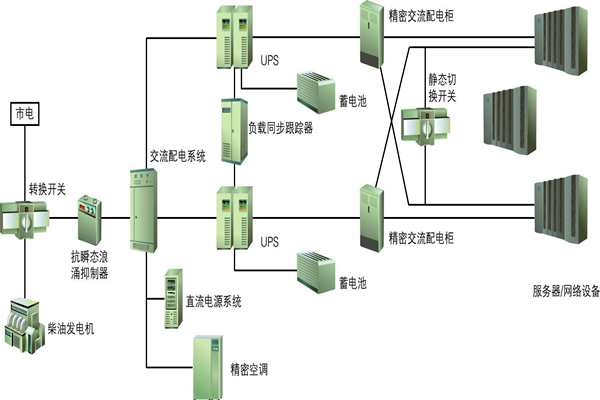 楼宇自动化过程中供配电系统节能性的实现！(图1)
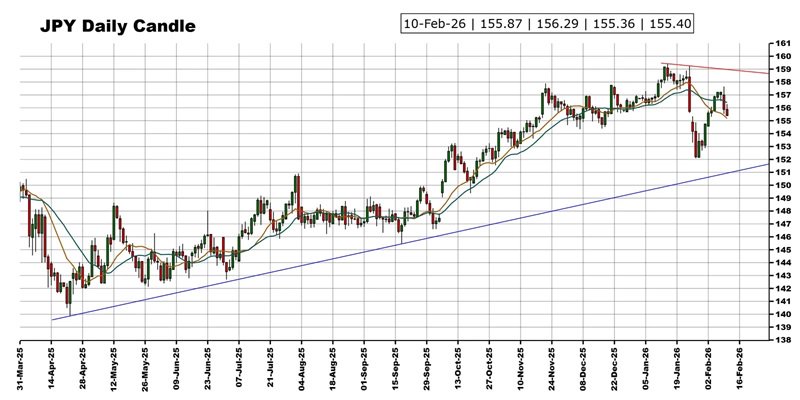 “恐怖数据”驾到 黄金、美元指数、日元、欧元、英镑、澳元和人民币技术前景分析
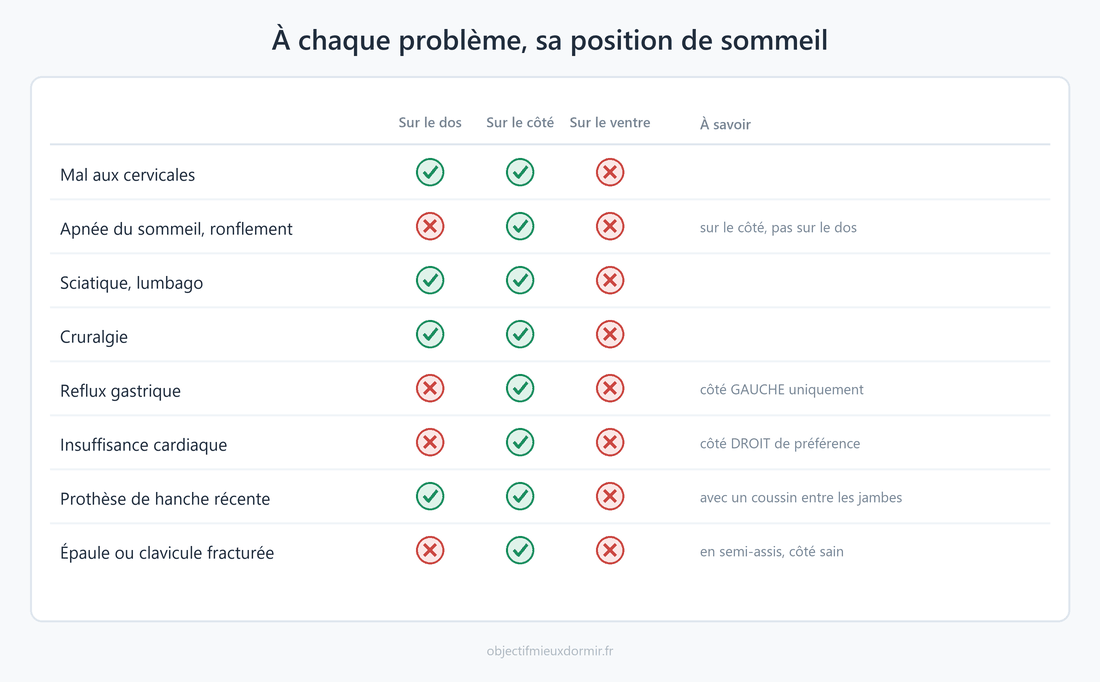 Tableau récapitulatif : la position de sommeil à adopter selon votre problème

To do: Leaving the pictures out, output all of the listing exactly.

Answer for this exercise:
 楼宇自动化过程中供配电系统节能性的实现！(图1)
 “恐怖数据”驾到 黄金、美元指数、日元、欧元、英镑、澳元和人民币技术前景分析
 Tableau récapitulatif : la position de sommeil à adopter selon votre problème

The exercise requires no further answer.